Adobe's $20 billion (almost Rs. 1,65,550 crore) purchase for cloud-based designer platform Figma might decrease competition and lock out rivals in worldwide marketplaces for interactive product design tools, EU antitrust officials said on Monday.
The European Commission announced last month that it had launched a full-scale inquiry into the agreement after a preliminary examination raised concerns.
Tech transactions have recently garnered intense antitrust regulatory attention amid concerns that larger corporations may be purchasing competing start-ups in order to shut them down.
Figma's web-based collaborative design and brainstorming tool is popular with internet businesses such as Zoom Video Communications, Airbnb, and Coinbase.
According to the EU antitrust authority, the merger would eliminate a key rival and potentially allow Photoshop manufacturer Adobe to limit competition in worldwide markets for the provision of interactive product design tools.
It further stated that by integrating Figma with Adobe's Creative Cloud suite, the purchase might impair Figma's ability for expansion into an effective rival to Adobe's asset creation tools and effectively decrease competition in interactive product design tools.

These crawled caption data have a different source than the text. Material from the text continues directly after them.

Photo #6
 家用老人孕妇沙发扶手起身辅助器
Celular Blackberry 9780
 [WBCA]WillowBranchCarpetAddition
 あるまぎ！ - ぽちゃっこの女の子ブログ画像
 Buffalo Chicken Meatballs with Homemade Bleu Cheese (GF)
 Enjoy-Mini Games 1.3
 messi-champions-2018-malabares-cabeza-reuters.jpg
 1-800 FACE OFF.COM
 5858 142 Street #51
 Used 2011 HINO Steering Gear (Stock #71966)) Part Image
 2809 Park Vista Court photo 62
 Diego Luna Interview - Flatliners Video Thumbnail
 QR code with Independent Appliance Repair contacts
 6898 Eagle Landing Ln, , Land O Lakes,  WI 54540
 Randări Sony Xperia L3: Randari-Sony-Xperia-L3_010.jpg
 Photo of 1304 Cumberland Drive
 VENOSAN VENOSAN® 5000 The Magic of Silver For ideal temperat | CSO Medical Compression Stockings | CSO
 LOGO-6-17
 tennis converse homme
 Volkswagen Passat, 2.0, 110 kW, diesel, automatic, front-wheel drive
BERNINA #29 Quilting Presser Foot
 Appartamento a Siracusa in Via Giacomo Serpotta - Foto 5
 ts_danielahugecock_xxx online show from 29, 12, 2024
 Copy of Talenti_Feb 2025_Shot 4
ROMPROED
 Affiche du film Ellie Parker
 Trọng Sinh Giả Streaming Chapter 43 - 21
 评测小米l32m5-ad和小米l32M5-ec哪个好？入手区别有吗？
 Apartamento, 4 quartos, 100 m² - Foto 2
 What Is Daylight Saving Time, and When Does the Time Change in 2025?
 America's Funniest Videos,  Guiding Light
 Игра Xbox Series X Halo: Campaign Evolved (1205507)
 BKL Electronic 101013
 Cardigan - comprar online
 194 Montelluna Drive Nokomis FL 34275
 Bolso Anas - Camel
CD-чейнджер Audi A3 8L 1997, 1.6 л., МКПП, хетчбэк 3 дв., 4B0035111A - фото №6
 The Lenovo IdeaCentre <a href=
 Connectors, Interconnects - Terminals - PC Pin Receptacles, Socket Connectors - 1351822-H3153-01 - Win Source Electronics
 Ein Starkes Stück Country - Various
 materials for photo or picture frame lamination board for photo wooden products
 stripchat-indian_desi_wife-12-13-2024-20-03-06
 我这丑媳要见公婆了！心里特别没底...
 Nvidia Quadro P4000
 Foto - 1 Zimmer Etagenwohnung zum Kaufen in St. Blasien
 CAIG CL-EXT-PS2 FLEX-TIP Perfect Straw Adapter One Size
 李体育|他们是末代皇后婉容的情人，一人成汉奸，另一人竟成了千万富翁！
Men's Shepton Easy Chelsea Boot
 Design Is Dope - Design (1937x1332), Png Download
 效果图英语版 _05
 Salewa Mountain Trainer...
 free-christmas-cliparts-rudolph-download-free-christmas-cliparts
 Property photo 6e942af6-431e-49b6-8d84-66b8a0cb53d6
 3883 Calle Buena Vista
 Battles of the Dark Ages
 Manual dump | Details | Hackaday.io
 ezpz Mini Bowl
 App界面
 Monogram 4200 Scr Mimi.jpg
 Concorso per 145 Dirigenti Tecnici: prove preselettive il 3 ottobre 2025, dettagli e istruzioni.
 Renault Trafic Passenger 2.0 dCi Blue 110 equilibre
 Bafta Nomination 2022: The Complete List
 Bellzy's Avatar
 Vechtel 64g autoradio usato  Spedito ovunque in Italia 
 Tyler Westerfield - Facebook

"With our comprehensive investigation, we hope to ensure that users continue to have access to a diverse range of digital creative tools," said European Commissioner for Competition Margrethe Vestager in a statement.
Customers throughout the world have been extremely happy about the transaction, according to Adobe.
"We remain confident in the merits of the case because Figma's product design is an adjacency to Adobe's core creative products and Adobe has no meaningful plans to compete in the product design space," said the business in a statement.
"We are looking forward to establishing these facts in the next phase of the process and successfully completing the transaction."
The EU's competition enforcer said it will decide whether to allow or ban the agreement by December 14.